Some prints (like the black one) comes with a capacitor. That's fine. It is a good idea to have a current buffer there, especially while programming.

So if it isn't there already, it is a good idea to add one between +3V3 and Gnd. For example on top of the AMS1117 stabilizer. Any electrolytic cap over 5 Volt and 2 uF will do (so for example 22uF 6.3Volt will be fine).

On the black print you can see the silver 1000uF 6.3V, so that one doesn't need an extra cap.

So this is how it looks wit an ESP8266-01 on top.

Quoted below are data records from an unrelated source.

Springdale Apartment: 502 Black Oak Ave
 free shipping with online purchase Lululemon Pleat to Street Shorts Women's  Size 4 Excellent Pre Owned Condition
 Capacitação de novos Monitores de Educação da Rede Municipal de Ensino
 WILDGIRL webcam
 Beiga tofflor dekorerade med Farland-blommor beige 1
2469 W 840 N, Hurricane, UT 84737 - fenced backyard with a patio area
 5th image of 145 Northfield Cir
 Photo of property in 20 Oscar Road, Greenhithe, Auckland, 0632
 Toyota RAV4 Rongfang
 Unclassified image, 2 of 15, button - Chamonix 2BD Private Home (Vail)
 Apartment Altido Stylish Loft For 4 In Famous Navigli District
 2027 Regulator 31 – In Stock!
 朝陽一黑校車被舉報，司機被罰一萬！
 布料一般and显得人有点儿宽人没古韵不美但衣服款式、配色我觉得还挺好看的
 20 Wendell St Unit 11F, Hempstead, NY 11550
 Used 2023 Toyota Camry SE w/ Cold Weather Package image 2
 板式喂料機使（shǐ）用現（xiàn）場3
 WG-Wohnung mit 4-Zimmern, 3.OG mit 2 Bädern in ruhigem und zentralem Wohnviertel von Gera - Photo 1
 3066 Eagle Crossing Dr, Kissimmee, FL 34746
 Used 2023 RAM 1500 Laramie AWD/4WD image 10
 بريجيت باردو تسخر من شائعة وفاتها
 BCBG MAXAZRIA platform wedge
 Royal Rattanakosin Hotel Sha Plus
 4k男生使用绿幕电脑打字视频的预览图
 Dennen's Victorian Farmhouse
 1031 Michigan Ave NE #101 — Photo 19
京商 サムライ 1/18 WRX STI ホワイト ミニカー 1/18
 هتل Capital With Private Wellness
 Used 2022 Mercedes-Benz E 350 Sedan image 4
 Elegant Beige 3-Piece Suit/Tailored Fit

You may finish it with a large piece of heat shrink tubing around the whole rig, or sculpture some hot glue around it to make sure it cannot touch any other loose electrical wiring at your work bench when floating around. That's totally up to you.

Have fun !

The DTR and RTS signals of the GH310G are directly coupled to IO0 and IO2 of the ESP8266.
DTR and RTS are both outputs. And IO0 and IO2 are inputs. Perfect.

Even if the ESP8266 is programmed to have pull-up resistors at IO0 and IO2, there is no problem.

However, you can (and may) program IO0 and IO2 as outputs yourself, to make the LEDs glow. Then you have the ESP8266 outputs fighting with the CH310G outputs. This is at your own risk.

I guess there is no problem, since the output currents are very limited, and the chips do not feel warm after a while. But I'm not sure if it is working within device limits. It may cause a problem.